Like the K-01, the K-30 possesses superb video capabilities (even if the videos above give you no hint of that fact). The new PRIME M processor opens up new framerate possibilities, which we know the videographers among us will appreciate. All the camera's movie settings are quite easy to access thanks to the INFO screen. Just as they do when shooting stills, the auto-exposure and custom image settings work perfectly in video mode.
However, there are a few software-related things that bug us about the K-30's movie mode. First, focus peaking is not available while a video is being recorded. It's there when you're framing your shot before you start recording, but the moment you hit the shutter release to start the camera rolling, it goes away. We can only assume this has to do with a lack of available processing power; otherwise its omission makes no sense whatsoever. Next, it's a little bothersome that the aperture setting can't be changed while recording, even in Av mode. We realize that doing so will cause a sudden change in exposure, but why not give the user the option? Third, there's still a decent amount of rolling shutter (jellyvision) present in clips, particularly those shot in low light. We understand that this is a fact of life with CMOS sensors, but it never fails to annoy.

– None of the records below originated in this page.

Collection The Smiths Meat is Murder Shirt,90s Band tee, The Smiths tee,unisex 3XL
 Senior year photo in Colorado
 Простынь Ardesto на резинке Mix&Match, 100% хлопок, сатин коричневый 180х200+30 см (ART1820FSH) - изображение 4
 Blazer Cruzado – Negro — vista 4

All of our other complaints about movie mode on the K-30 are hardware-related. Only a monaural onboard mic, no external mic jack, no HDMI, and no articulating screen. As usual on a dSLR, the movie mode here, how ever advanced it might be, is secondary to the stills shooting experience. (And rightly so in our opinion, but these omissions will irk the more video-inclined among us.)
Please note that we're primarily a photo site, and not a video site, and thus we may not evaluate all the criteria (such as video file formats or editing features) that pro videographers consider.